The business of Champagne: Which Prestige Cuvées should be part of your investment portfolio?

City A.M. Wine Club
Champagne shows a remarkable vintage premium (Source: Corbis)

Champagne is famed for giving us the world’s finest sparkling wines. With around 15,000 growers and 290 Champagne Houses producing 300 million bottles a year, Champagne is big business and this illustrious wine is quickly consumed throughout the world.

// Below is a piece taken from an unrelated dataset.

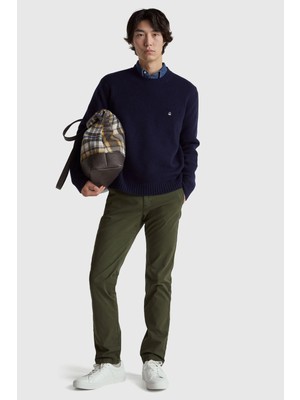 United Colors Of Benetton Lacivert Erkek Erk_yün Karışımlı Önü Logo Işlemeli Bisiklet Yaka Kazak Model Kodu: 1444U10AZ016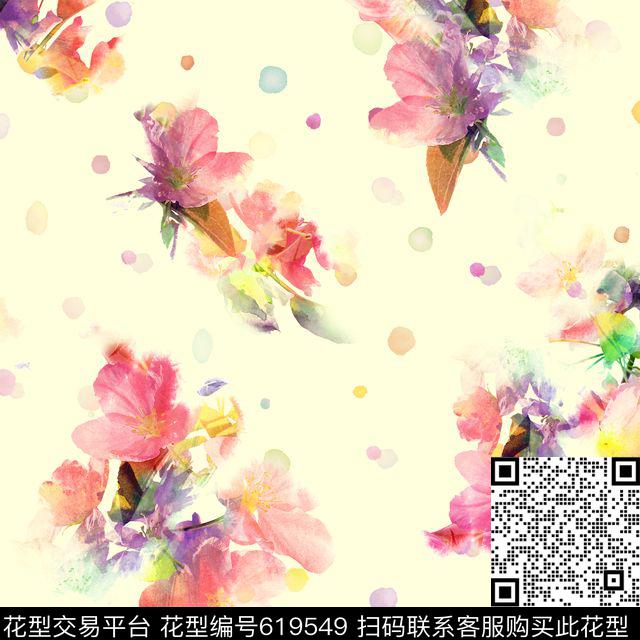花卉墨点清爽数码印花花型下载（图片编号: 619549） - 瓦栏（Walan）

‘Come quickly, I am tasting stars’ is the famed expression of a 17th century monk, named Dom Perignon, after his first taste of Champagne. Common legend dictates that this famous Benedictine Monk pioneered the ‘meethode champenoise’ of fermenting the wine in bottle, whereas it actually occurred naturally due to Champagne’s cool winters and warm spring months. This caused the wines to undergo a secondary fermentation and is the reason these monks started to find that their wines contained bubbles, had they not gone so far as to explode. Wine makers have continued to develop these techniques ever since, in order to produce exquisite wines delighting consumers and being capable of ageing for many decades.
There are three main vineyard areas in Champagne; Cote des Blancs, Montagne de Reims and Vallée de la Marne, which produce the region’s three grapes – Chardonnay, Pinot Noir and Pinot Meunier. Champagne is produced by adding a solution of sugar and yeast (Liqueur de Tirage) to a white wine in order to start a secondary fermentation in bottle, which results in the bubbles caused by the release of trapped carbon dioxide. The yeast then collects as a sediment which is known as the ‘lees’ which importantly gives Champagne its famous biscuit, brioche and nutty character, as well as protecting it for long term ageing. All non-vintage Champagnes rest on the lees for at least 15 months, however most leading estates age on the lees for much longer in order to add to the complexity of flavour. Vintage Champagnes require a minimum of 36 months, although they too often receive longer contact with the lees.
The leading Champagne houses produce many different styles, both non-vintage and vintage. Non-vintage Champagnes are made to produce a determinedly consistent and familiar house style which is achieved by blending different vintages. Vintage Champagnes come from a single harvest and are only produced in years deemed worthy of production by each individual Champagne house. Furthermore, the Champagne houses are even more selective about producing their Prestige Cuvée and only produce it in the very finest vintages, such as 1996, 1999, 2002 & 2004. Production of these Prestige Cuvées is very small; Louis Roederer produce under 25,000 cases of Cristal, and Delamotte produce fewer than 3,000 bottles of Salon.
Premium Champagne is extremely investable due to its lower production and long term ageing potential, which is matched with extraordinarily high global demand. Once a vintage Champagne is made it can never be reproduced and as soon as it is released to market the majority will be quickly consumed in restaurants, bars and nightclubs throughout the world. As such, Champagne shows a remarkable vintage premium; this means that by the time these Champagnes have reached their true potential there will be very little left so those who have held on to it will see trading prices soar. Equally, rapid global wealth creation has further pushed up demand as many more people want to own the world’s leading Champagnes. As such, prices are set to keep rising over the next 5-10 years.
In recent years the Liv-ex Champagne Index has steadily outperformed other wine investment regions around it. This index is made up of the leading Prestige Cuvées – Krug, Cristal, Dom Perignon, Taittinger Comtes & Salon Le Mesnil, although we also include Bollinger’s Grand Année due to its recent superb performance. Champagne should be a part of every investment portfolio and the aforementioned wines are those which should be primarily considered.